Variance Guard Predictive Gate (power & sidedness)

Plain language: VE only proposes scales when the predictive paired ΔlogNLL shows a real improvement—Balanced needs a one-sided win, Conservative needs a two-sided push—and the report explains why VE stayed on or off.

Claim

VE proposes scales only when the predictive paired ΔlogNLL CI excludes 0 with the tier's sidedness and the mean effect exceeds min_effect_lognll in the improvement direction (negative ΔlogNLL).

Balanced: one‑sided improvement test. VE enables only when the predictive CI upper bound ≤ −min_effect_lognll and the mean Δ ≤ −min_effect_lognll.
Conservative: two‑sided CI (z₀.₉₇₅) with improvement‑only gating. VE enables only when the predictive CI upper bound ≤ −min_effect_lognll and the mean Δ ≤ −min_effect_lognll. If the CI lies entirely above +min_effect_lognll, VE stays off and the gate records a regression.

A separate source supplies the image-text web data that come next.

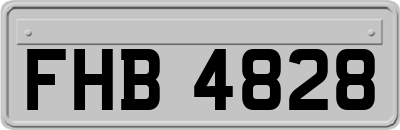 FHB4828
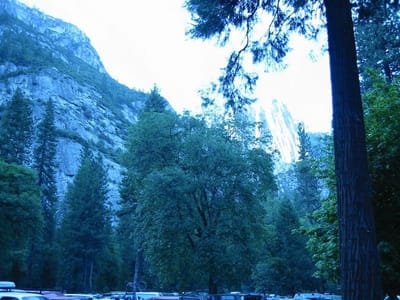 Yosemite, Foto 045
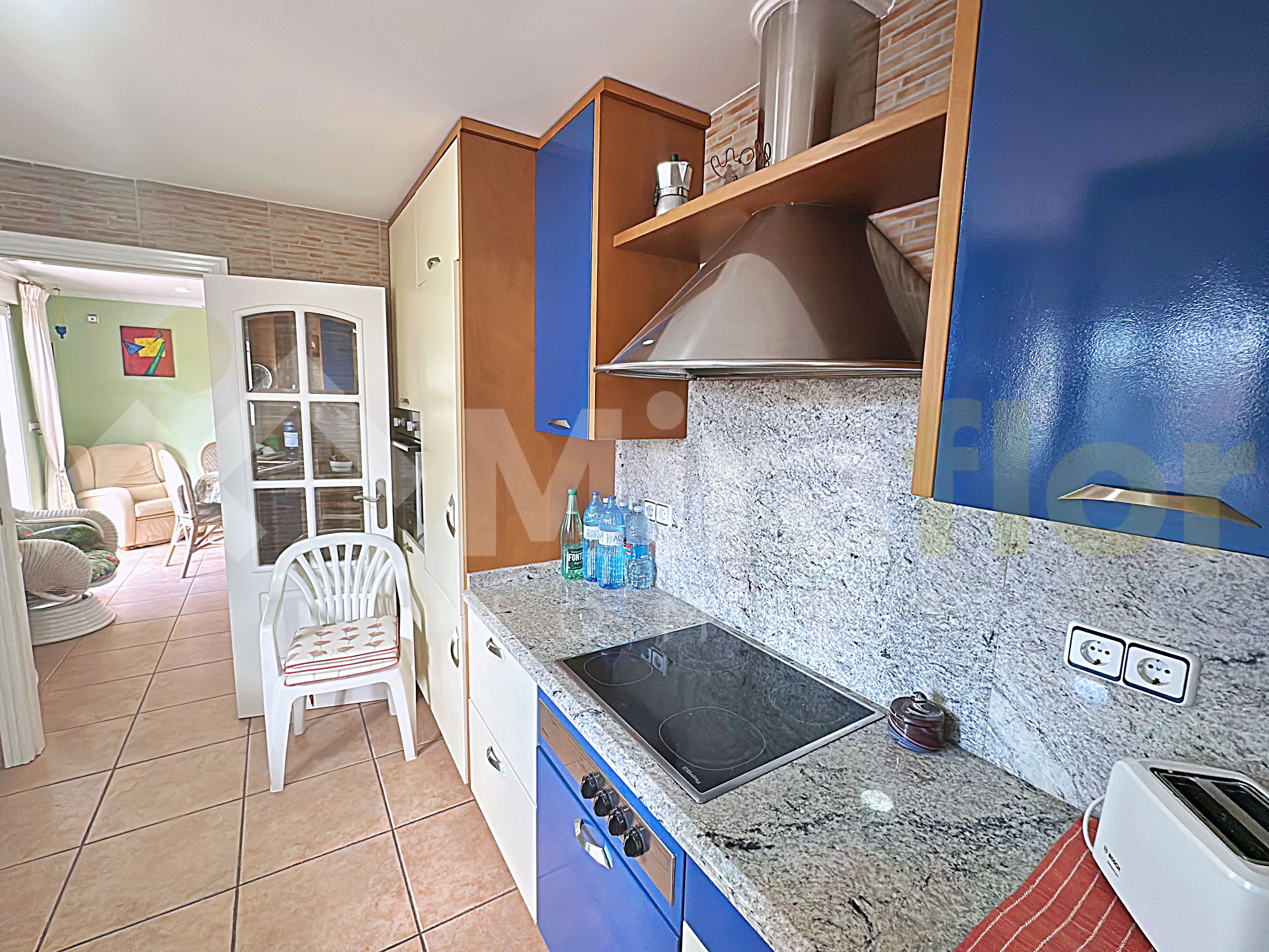 Miraflor Homes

Example (Balanced): with min_effect_lognll = 0.0, a predictive estimate Δ̄ = −0.002 with CI [−0.003, −0.001] enables VE because both the mean and the CI upper bound beat −min_effect_lognll.

Example (Conservative): with min_effect_lognll = 0.016, a predictive estimate Δ̄ = −0.020 with CI [−0.030, −0.017] enables VE because the entire CI lies outside the interval [−min_effect_lognll, +min_effect_lognll]. A CI that touches or sits within this interval (e.g., [−0.015, −0.002]) does not enable VE.

Derivation (power target)

Let paired Δ values on calibration windows have standard deviation $\sigma_{\text{pred}}$ and count $n$ . The CI half-width is approximately h ≈ z · σ_pred / √n, with $z = z_{0.95}$ (one‑sided) or $z_{0.975}$ (two‑sided). Choose min_effect_lognll ≈ h to obtain ~50% power at the boundary; raise for stricter tiers.

Tier knobs (pilot coverage)

Tier	deadband	min_abs_adjust	max_scale_step	min_effect_lognll	predictive_one_sided	max_adjusted_modules
balanced	0.02	0.012	0.03	0.0	✅ (one-sided)	1
conservative	0.03	0.02	0.015	0.016	❌ (two-sided)	0

Values are stored in the packaged tiers.yaml and maintain VE responsiveness without triggering false positives under the chosen window budgets.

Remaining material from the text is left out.